EXERCISE DETAILS - Only one stretch of the listing below is wanted. Give it again exactly, from the line with "Special offer. Portrait" through the line with "A modern living".

RECORDS TO PROCESS -
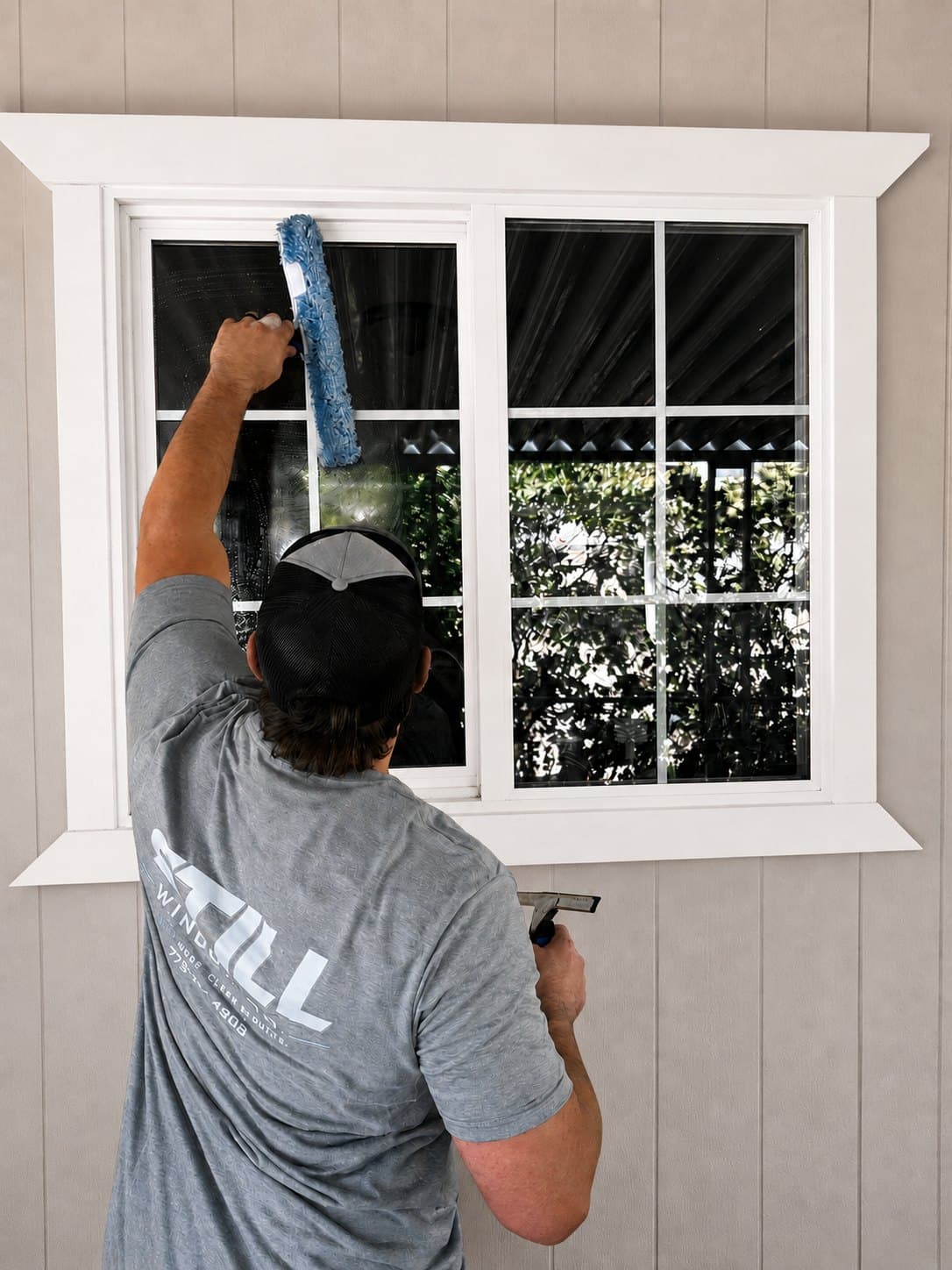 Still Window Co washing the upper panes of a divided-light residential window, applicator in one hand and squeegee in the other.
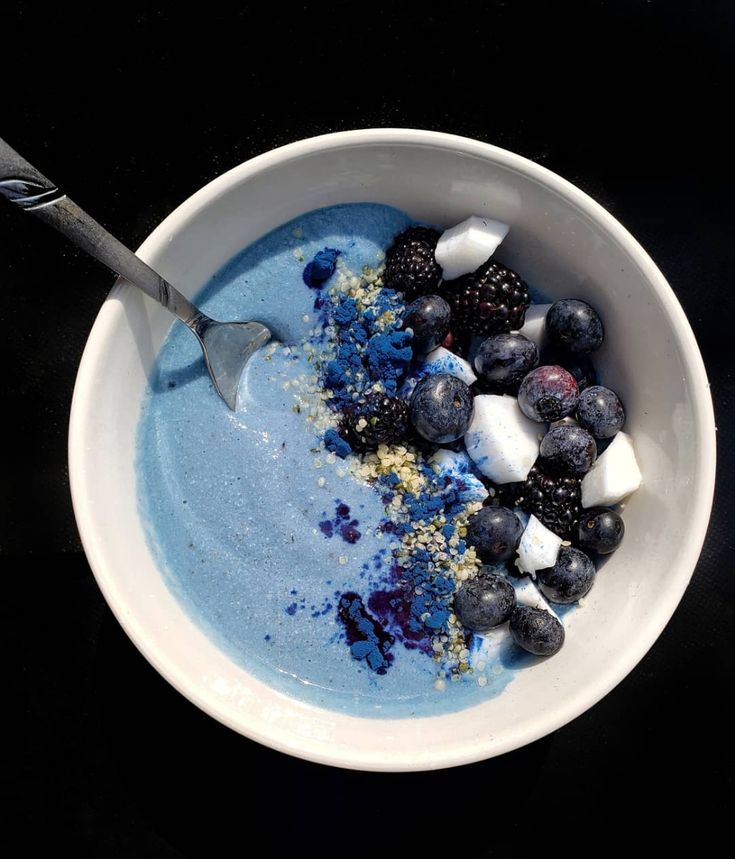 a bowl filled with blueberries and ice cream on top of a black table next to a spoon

==

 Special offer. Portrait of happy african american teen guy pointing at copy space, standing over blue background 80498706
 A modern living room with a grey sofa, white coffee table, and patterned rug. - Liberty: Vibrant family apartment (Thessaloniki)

YOUR SOLUTION -
 Special offer. Portrait of happy african american teen guy pointing at copy space, standing over blue background 80498706
 A modern living room with a grey sofa, white coffee table, and patterned rug. - Liberty: Vibrant family apartment (Thessaloniki)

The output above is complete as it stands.